• Supplied material:
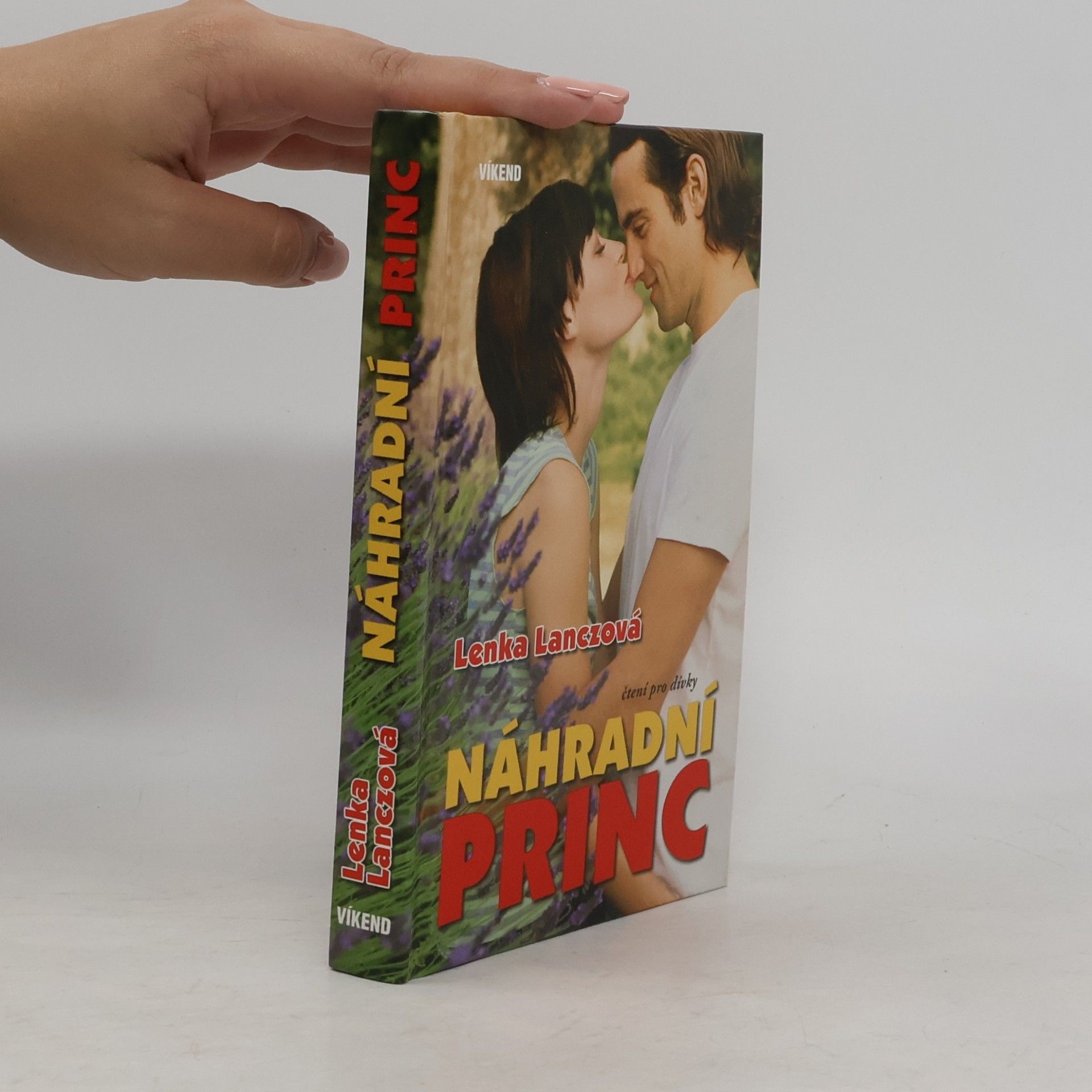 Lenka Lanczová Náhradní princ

==

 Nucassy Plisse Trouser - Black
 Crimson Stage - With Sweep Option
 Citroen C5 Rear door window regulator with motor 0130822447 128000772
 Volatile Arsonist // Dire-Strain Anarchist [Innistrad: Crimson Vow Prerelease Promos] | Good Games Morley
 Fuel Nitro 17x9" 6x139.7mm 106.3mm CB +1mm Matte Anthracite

• Problem to work on: Look above for the line holding "Volatile Arsonist //" and the line holding "CB +1mm Matte Anthracite", then output exactly those two lines and every line between them, nothing more.

• Answer for this exercise:
 Volatile Arsonist // Dire-Strain Anarchist [Innistrad: Crimson Vow Prerelease Promos] | Good Games Morley
 Fuel Nitro 17x9" 6x139.7mm 106.3mm CB +1mm Matte Anthracite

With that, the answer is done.